# Kolmogorov Complexity to Compress DNA Sequences Using Python
Long form blogpost can be found over here: [yacinemahdid.com](yacinemahdid.com)

The data used can be found over here: [Kaggle/Humans.txt file](https://www.kaggle.com/nageshsingh/dna-sequence-dataset/version/1?select=human.txt)

In [2]:
import pandas as pd
HUMAN_DNA_DATASET = "/home/yacine/Desktop/archive/human.txt"
df = pd.read_csv(HUMAN_DNA_DATASET, sep = "\t", names = ['sequence','class'], skiprows=1)
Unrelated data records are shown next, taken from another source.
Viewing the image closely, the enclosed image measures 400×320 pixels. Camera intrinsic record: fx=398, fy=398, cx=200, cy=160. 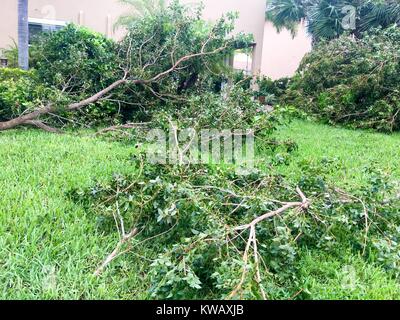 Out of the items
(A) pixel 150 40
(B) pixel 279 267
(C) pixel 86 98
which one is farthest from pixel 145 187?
(A) pixel 150 40

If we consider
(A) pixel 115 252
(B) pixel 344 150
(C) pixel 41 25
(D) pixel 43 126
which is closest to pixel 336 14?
(B) pixel 344 150

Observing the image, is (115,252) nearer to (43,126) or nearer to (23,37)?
(43,126)

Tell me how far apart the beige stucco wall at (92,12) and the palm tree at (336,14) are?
145 centimetres

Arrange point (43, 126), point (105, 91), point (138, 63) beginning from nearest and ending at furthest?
1. point (43, 126)
2. point (105, 91)
3. point (138, 63)

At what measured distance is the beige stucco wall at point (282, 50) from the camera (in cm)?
1681

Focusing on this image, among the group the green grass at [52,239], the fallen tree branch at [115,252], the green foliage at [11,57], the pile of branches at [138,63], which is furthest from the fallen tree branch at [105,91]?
the green foliage at [11,57]

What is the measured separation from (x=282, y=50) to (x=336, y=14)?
5299 mm

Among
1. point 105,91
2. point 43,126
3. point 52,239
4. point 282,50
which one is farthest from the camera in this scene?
point 282,50

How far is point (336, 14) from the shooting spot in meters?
12.1

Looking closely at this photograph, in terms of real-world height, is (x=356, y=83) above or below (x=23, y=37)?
below

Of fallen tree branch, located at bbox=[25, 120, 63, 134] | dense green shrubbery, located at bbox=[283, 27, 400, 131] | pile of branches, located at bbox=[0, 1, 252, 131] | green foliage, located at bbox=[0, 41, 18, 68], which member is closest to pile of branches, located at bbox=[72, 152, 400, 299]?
fallen tree branch, located at bbox=[25, 120, 63, 134]

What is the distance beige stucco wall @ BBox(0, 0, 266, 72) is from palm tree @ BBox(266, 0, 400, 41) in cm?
145

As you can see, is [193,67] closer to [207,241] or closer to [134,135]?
[134,135] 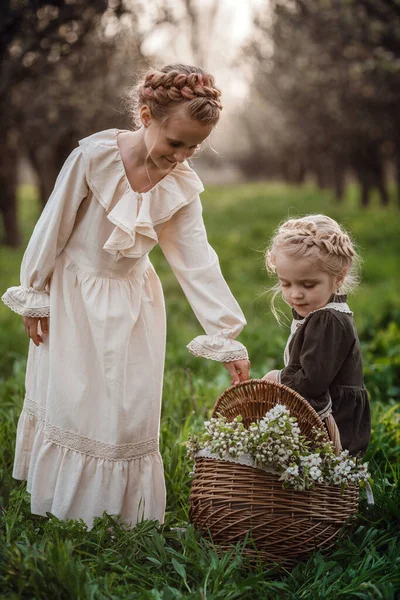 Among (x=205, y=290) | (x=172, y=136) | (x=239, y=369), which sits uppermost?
(x=172, y=136)

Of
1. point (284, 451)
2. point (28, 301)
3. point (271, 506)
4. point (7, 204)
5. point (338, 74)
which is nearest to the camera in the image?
point (284, 451)

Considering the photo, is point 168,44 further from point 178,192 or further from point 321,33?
point 178,192

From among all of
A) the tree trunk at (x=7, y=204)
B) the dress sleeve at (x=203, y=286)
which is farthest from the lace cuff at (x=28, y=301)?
the tree trunk at (x=7, y=204)

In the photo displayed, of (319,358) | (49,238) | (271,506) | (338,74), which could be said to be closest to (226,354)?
(319,358)

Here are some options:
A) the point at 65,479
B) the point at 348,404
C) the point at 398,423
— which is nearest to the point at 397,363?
the point at 398,423

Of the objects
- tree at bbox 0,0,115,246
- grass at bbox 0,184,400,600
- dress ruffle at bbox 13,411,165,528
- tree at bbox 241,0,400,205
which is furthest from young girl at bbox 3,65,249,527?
tree at bbox 241,0,400,205

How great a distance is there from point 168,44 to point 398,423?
15.5 metres

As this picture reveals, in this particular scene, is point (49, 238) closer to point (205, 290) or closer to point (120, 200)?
point (120, 200)

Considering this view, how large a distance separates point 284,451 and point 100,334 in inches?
37.2

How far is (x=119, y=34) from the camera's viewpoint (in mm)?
10133

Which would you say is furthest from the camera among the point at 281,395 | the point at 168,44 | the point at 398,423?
the point at 168,44

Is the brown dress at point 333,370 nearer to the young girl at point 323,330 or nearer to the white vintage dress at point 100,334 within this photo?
the young girl at point 323,330

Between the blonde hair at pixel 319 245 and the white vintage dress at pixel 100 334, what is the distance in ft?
1.32

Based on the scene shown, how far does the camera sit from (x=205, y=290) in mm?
3352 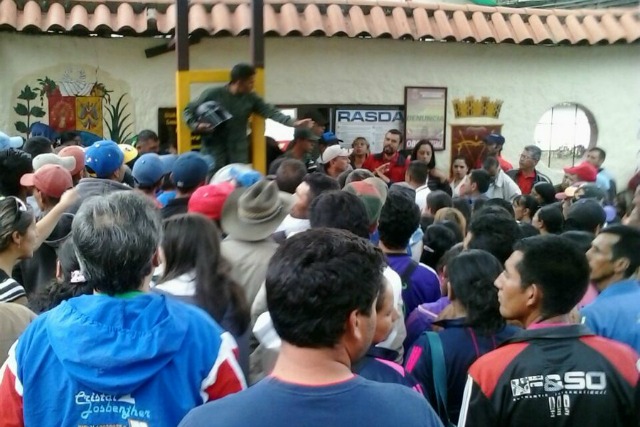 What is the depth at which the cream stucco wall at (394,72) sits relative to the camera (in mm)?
9594

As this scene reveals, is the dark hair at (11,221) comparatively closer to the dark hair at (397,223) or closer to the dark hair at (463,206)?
the dark hair at (397,223)

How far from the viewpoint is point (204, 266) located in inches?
119

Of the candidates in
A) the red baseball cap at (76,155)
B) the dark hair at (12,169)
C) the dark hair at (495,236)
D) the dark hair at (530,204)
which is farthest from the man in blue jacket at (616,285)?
the red baseball cap at (76,155)

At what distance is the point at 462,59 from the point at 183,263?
860 centimetres

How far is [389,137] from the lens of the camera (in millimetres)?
9414

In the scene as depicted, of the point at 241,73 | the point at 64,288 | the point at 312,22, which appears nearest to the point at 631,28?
the point at 312,22

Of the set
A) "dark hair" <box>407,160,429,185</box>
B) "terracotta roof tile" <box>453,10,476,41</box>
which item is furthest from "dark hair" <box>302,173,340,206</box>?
"terracotta roof tile" <box>453,10,476,41</box>

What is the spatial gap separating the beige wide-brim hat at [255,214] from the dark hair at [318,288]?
2.05m

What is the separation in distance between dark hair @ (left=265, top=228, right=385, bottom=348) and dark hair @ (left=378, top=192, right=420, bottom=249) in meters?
2.19

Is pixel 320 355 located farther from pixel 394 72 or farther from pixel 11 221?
pixel 394 72

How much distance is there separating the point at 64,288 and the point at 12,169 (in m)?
2.18

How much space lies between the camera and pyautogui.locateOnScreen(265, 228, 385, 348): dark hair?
5.36ft

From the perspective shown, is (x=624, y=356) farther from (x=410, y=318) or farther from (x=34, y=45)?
(x=34, y=45)

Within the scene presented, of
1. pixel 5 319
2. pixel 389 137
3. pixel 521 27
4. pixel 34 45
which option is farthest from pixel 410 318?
pixel 521 27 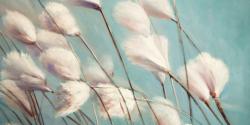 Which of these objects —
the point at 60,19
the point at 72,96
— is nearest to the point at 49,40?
the point at 60,19

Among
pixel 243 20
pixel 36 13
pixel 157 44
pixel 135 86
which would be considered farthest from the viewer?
pixel 36 13

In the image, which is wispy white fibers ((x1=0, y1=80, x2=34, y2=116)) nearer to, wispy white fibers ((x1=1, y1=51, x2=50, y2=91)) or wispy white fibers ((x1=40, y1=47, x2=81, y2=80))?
wispy white fibers ((x1=1, y1=51, x2=50, y2=91))

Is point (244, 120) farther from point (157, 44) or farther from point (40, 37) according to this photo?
point (40, 37)

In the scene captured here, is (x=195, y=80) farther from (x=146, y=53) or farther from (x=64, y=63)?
(x=64, y=63)

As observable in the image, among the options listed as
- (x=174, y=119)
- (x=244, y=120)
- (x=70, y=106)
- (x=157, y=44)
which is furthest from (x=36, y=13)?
(x=244, y=120)

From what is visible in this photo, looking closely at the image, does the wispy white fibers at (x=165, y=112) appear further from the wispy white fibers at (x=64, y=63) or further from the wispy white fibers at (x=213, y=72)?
the wispy white fibers at (x=64, y=63)

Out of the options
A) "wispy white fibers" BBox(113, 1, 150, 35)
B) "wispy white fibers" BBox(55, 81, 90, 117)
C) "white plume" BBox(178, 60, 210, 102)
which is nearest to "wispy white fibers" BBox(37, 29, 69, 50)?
"wispy white fibers" BBox(55, 81, 90, 117)

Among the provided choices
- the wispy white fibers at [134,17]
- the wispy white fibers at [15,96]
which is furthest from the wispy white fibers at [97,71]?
the wispy white fibers at [15,96] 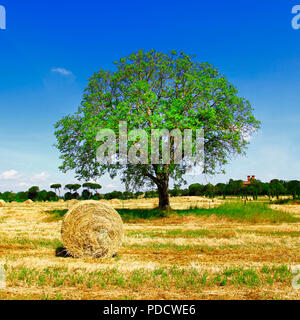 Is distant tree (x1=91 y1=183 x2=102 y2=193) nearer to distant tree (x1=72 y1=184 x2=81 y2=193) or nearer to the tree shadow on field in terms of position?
distant tree (x1=72 y1=184 x2=81 y2=193)

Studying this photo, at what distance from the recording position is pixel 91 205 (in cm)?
1138

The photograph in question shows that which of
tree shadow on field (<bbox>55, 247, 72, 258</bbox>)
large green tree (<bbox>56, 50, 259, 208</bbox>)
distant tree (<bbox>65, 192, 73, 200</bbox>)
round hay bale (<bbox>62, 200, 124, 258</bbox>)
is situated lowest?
distant tree (<bbox>65, 192, 73, 200</bbox>)

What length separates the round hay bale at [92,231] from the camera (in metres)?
10.1

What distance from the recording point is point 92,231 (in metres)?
10.6

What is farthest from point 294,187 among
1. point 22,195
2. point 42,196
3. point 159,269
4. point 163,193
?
point 22,195

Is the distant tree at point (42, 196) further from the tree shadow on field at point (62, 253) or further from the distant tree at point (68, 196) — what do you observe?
the tree shadow on field at point (62, 253)

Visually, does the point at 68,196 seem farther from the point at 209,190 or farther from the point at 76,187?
the point at 209,190

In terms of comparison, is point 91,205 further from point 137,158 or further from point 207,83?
point 207,83

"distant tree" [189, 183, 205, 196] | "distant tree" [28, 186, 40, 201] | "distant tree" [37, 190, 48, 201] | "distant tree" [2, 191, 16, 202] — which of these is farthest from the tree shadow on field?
"distant tree" [189, 183, 205, 196]

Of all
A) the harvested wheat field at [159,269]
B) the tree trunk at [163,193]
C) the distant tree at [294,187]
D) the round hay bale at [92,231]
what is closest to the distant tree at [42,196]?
the tree trunk at [163,193]

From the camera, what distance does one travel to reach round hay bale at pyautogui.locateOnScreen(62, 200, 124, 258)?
1015cm

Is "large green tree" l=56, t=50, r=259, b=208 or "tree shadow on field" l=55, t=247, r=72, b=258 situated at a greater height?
"large green tree" l=56, t=50, r=259, b=208

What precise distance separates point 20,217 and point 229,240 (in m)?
17.5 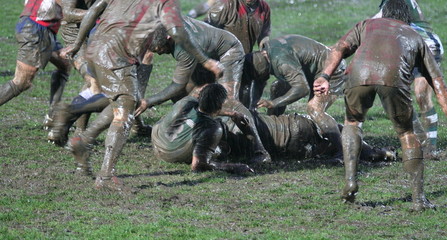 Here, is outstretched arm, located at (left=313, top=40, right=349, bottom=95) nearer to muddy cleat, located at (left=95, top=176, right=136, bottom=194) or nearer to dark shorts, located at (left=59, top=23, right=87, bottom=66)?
muddy cleat, located at (left=95, top=176, right=136, bottom=194)

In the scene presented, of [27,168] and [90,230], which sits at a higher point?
[90,230]

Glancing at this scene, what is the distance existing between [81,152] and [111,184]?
515 millimetres

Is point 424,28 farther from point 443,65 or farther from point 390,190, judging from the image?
point 443,65

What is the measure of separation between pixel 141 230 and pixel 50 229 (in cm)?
71

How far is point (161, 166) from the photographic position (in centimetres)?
909

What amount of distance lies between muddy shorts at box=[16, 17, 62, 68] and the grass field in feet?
3.23

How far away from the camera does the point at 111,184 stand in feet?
25.4

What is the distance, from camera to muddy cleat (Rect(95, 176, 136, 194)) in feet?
25.3

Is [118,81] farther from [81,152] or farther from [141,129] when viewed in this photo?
[141,129]

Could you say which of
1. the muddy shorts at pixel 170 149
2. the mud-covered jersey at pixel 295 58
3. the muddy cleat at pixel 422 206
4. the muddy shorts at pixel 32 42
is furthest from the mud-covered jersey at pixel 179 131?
the muddy cleat at pixel 422 206

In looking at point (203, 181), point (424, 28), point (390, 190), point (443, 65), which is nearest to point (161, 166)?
point (203, 181)

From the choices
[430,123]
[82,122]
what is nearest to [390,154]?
[430,123]

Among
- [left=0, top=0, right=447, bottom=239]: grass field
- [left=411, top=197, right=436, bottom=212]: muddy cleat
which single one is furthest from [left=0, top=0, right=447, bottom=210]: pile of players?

# No idea what the class variable is though as it wasn't mentioned in the dataset on Kaggle.
df

Unnamed: 0,sequence,class
0,ATGCCCCAACTAAATACTACCGTATGGCCCACCATAATTACCCCCA...,4
1,ATGAACGAAAATCTGTTCGCTTCATTCATTGCCCCCACAATCCTAG...,4
2,ATGTGTGGCATTTGGGCGCTGTTTGGCAGTGATGATTGCCTTTCTG...,3
3,ATGTGTGGCATTTGGGCGCTGTTTGGCAGTGATGATTGCCTTTCTG...,3
4,ATGCAACAGCATTTTGAATTTGAATACCAGACCAAAGTGGATGGTG...,3
...,...,...
4375,ATGGAAGATTTGGAGGAAACATTATTTGAAGAATTTGAAAACTATT...,0
4376,ATGCAGTCCTTTCGGGAGCAAAGCAGTTACCACGGAAACCAGCAAA...,6
4377,ATGCAGTCCTTTCGGGAGCAAAGCAGTTACCACGGAAACCAGCAAA...,6
4378,ATGGGGCACCTGGTTTGCTGTCTGTGTGGCAAGTGGGCCAGTTACC...,6


In [66]:
# Source is right here: https://github.com/Naereen/Lempel-Ziv_Complexity/blob/master/src/lempel_ziv_complexity.py

def lempel_ziv_complexity(sequence):
    r""" Manual implementation of the Lempel-Ziv complexity.
    It is defined as the number of different substrings encountered as the stream is viewed from begining to the end.
    As an example:
    >>> s = '1001111011000010'
    >>> lempel_ziv_complexity(s)  # 1 / 0 / 01 / 11 / 10 / 110 / 00 / 010
    8
    Marking in the different substrings the sequence complexity :math:`\mathrm{Lempel-Ziv}(s) = 8`: :math:`s = 1 / 0 / 01 / 11 / 10 / 110 / 00 / 010`.
    - See the page https://en.wikipedia.org/wiki/Lempel-Ziv_complexity for more details.
    Other examples:
    >>> lempel_ziv_complexity('1010101010101010')  # 1, 0, 10, 101, 01, 010, 1010
    7
    >>> lempel_ziv_complexity('1001111011000010000010')  # 1, 0, 01, 11, 10, 110, 00, 010, 000
    9
    >>> lempel_ziv_complexity('100111101100001000001010')  # 1, 0, 01, 11, 10, 110, 00, 010, 000, 0101
    10
    - Note: it is faster to give the sequence as a string of characters, like `'10001001'`, instead of a list or a numpy array.
    - Note: see this notebook for more details, comparison, benchmarks and experiments: https://Nbviewer.Jupyter.org/github/Naereen/Lempel-Ziv_Complexity/Short_study_of_the_Lempel-Ziv_complexity.ipynb
    - Note: there is also a Cython-powered version, for speedup, see :download:`lempel_ziv_complexity_cython.pyx`.
    """
    sub_strings = set()
    n = len(sequence)

    ind = 0
    inc = 1
    while True:
        if ind + inc > len(sequence):
            break
        sub_str = sequence[ind : ind + inc]
        if sub_str in sub_strings:
            inc += 1
        else:
            sub_strings.add(sub_str)
            ind += inc
            inc = 1
    return len(sub_strings)

def string_to_binary(string_sequence):
    return ''.join(format(ord(x), 'b') for x in string_sequence)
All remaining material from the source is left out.